I'm all new to KNIME - please, I need help on how to model this:
I have a huge number of observervations and 1-20 observations have the same key in the first column. They have 4 more numeric attributes and one class/target column, which marks the 'winner' for each key.
So for each key there are 1-20 candidates and one of those is marked as a winner. And I need to understand how the 4 numeric attributes influence this 'beeing a winner'.
If I just send this data in a 'decission tree learner' then it doesn't get that there is one winner for each key.
I could take each set of 1-20 candidates and transform it into one long row of data - but this feels pretty ugly. Maybe I could also create a seperate data-table for each key. Is there any better way?
Just off hand I would try something like:
Group Loop Start > Naive Bayes Learner > Pivot > Math Formula > Loop End.
The idea being that you calculate the difference between the means of your winners and loosers (+ some number of SDs).

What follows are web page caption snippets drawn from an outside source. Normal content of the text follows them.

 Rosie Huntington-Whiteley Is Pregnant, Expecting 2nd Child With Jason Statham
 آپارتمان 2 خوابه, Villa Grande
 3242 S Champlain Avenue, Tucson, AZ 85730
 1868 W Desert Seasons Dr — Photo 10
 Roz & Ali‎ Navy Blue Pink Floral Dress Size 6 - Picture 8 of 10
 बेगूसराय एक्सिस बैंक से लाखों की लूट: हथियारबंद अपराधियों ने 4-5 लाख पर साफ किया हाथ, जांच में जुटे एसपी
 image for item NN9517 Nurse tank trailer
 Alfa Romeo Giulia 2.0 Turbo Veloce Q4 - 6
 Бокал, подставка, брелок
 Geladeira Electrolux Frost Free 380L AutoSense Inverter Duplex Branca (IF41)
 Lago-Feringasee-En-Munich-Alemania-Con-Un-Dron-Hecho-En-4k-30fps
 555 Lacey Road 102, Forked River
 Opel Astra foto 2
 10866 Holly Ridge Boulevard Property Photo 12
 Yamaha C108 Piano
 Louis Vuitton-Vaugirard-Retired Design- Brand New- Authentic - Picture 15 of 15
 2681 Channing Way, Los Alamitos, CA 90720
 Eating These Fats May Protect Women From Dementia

Larger values would be more significant but a rigorous way to choose which features are significant, I would leave up to you.
An alternative option would be to use a similar loop but with single sample t-test where you override your sample value with the value from the winner and the losers as your input table.
That being said, take all of this with a grain of salt as I don't know enough about your application to know whether either of these approaches would be suitable for your needs but hopefully this will at least point you in a useful direction.
thank you!!! I will try this. Actuall this sounds harder than I thought it would be.
So far I was trying a model using a decissiontree or MLP.